I’m trying to standardize my handling of authentication challenges such that 
the same code paths can be used for handling/resuming requests that fail 
because of standard HTTP authentications (Basic Auth, etc.) and with less 
standard failures. To that end, I’m curious about customizing 
NSURLProtectionSpace such that I would issue my own authentication challenges 
(mimicking the URL loading system’s automatic issuance of challenges).

For context, the types of scenarios I run into are for example situations where 
authentication for a web service is handled not at the HTTP protocol level but 
inside the network content.
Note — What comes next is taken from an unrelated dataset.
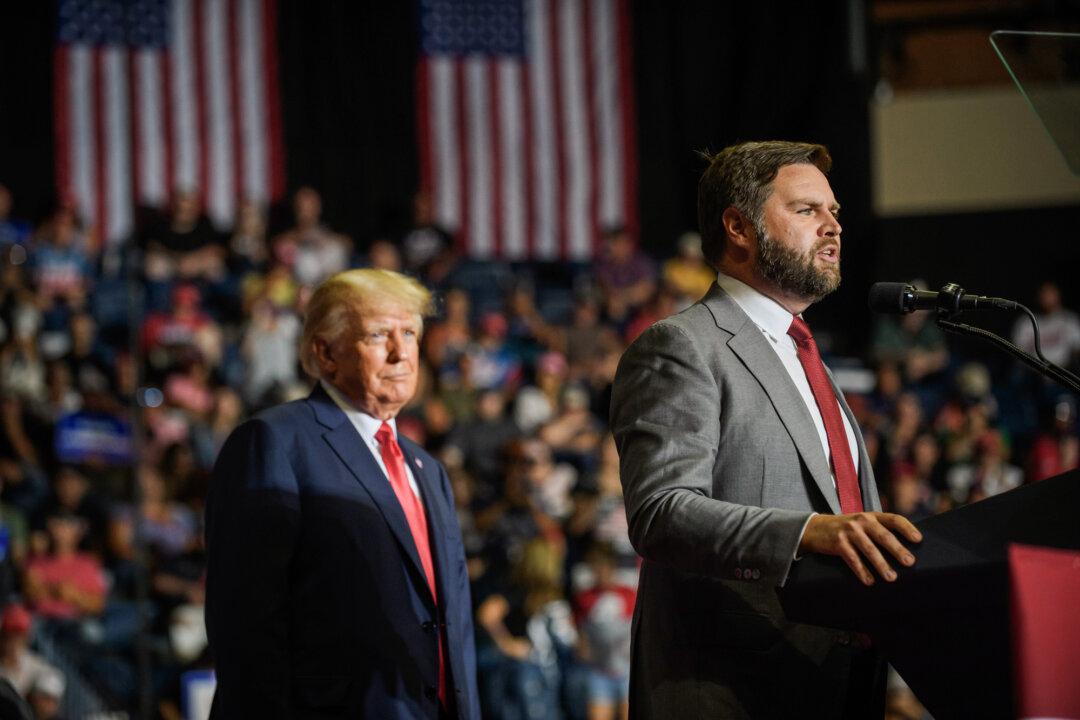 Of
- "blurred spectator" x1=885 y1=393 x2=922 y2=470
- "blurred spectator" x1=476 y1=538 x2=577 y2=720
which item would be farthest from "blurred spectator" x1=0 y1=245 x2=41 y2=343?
"blurred spectator" x1=885 y1=393 x2=922 y2=470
For example it is common with XMLRPC based blogging 
APIs for credentials to be embedded in the XML cargo of the request itself, and 
for an authentication failure to be indicated in the body of a response (with 
200 status code!).

I envision that my code that handles such clunky authentication interfaces 
would put together its own NSURLAuthenticationChallenge with a protection space 
that is discernible by the client, and that will then also be obvious when 
called back that it is a type of authentication that should be embedded in the 
content in this way and not set on the HTTP request itself.

So my question is, am I asking for trouble by trying to expand upon 
NSURLProtectionSpace to define my own space? Most of the protection space 
attributes that I have considered tweaking are just NSString values, but I 
don’t know if there are subtle behavioral changes that will occur if I try to 
e.g. initialize with an authentication method that is not known to the system. 
It’s also not clear if I should feel safe in e.g. subclassing it to provide 
additional information about what the protection space pertains to.

It feels bolted on, but it seems valuable to have a single authentication 
callback chain. I also wonder, for example, how secondary authentication 
information such as requests for two-factor authentication tokens should be 
expressed in terms of NSURLProtectionSpace.

In summary I want to use NSURLProtectionSpace consistently as an object that 
expresses whatever authentication challenge I may receive, but it seems 
relatively limited in scope to authentications that are expected to occur 
strictly at the protocol level.

I would appreciate any thoughts or pointers people may have about stretching 
the NSURLProtectionSpace facility beyond its usual scope.